As pressões por verbas
Duas semanas depois de o Conselho Nacional de Desenvolvimento Científico e Tecnológico (CNPq) ter divulgado que poderá suspender os investimentos em pesquisa, caso não receba em 2019 os recursos orçamentários que pediu ao Ministério do Planejamento, Desenvolvimento e Gestão, o Instituto Brasileiro de Geografia e Estatística (IBGE) anunciou que, se não obtiver as verbas que solicitou, ficará sem condições de promover o Censo Demográfico de 2020.

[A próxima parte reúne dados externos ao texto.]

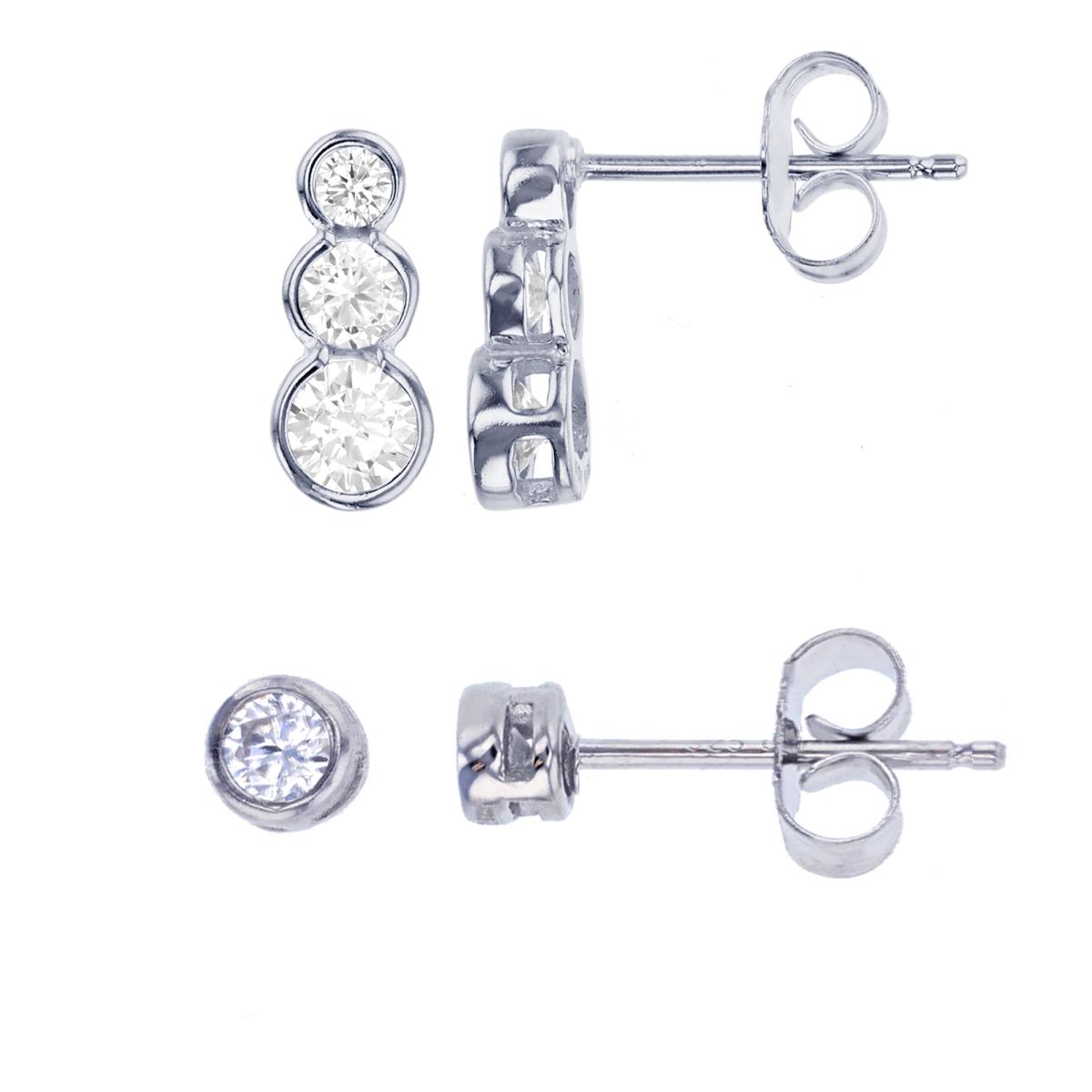 Sterling Silver Rhodium Rd White CZ 1and 3 Drop Bezel Stud Earring Kit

Segundo o IBGE, o custo da realização do Censo Demográfico, dentro de dois anos, será de R$ 3,4 bilhões. O valor pedido pelo órgão para os preparativos em 2019, que exigirão a contratação de 240 mil funcionários temporários, foi de R$ 344 milhões. Realizada a cada dez anos, a pesquisa é um levantamento estatístico fundamental para que o País tenha ideia de sua dimensão, em termos de população, educação e renda. As informações coletadas ajudam, por exemplo, a apontar prioridades em matéria de saneamento básico e a atualizar outras pesquisas que medem o desemprego e o nível de pobreza do País. Também são utilizadas para definir o repasse de recursos federais para Estados e municípios.
A proposta de Orçamento para 2019 tem de ser enviada ao Congresso até o dia 31 de agosto. O problema é que, como a arrecadação de impostos vem caindo por causa da recessão e o déficit primário para 2019 está estimado em R$ 139 bilhões, as autoridades orçamentárias foram obrigadas a fazer uma previsão de gastos para o próximo ano menor do que era esperado pelos Ministérios e pelas autarquias e fundações federais. Desde então, esses órgãos pressionam o Ministério do Planejamento, Desenvolvimento e Gestão para tentar reduzir eventuais reduções em seus respectivos orçamentos.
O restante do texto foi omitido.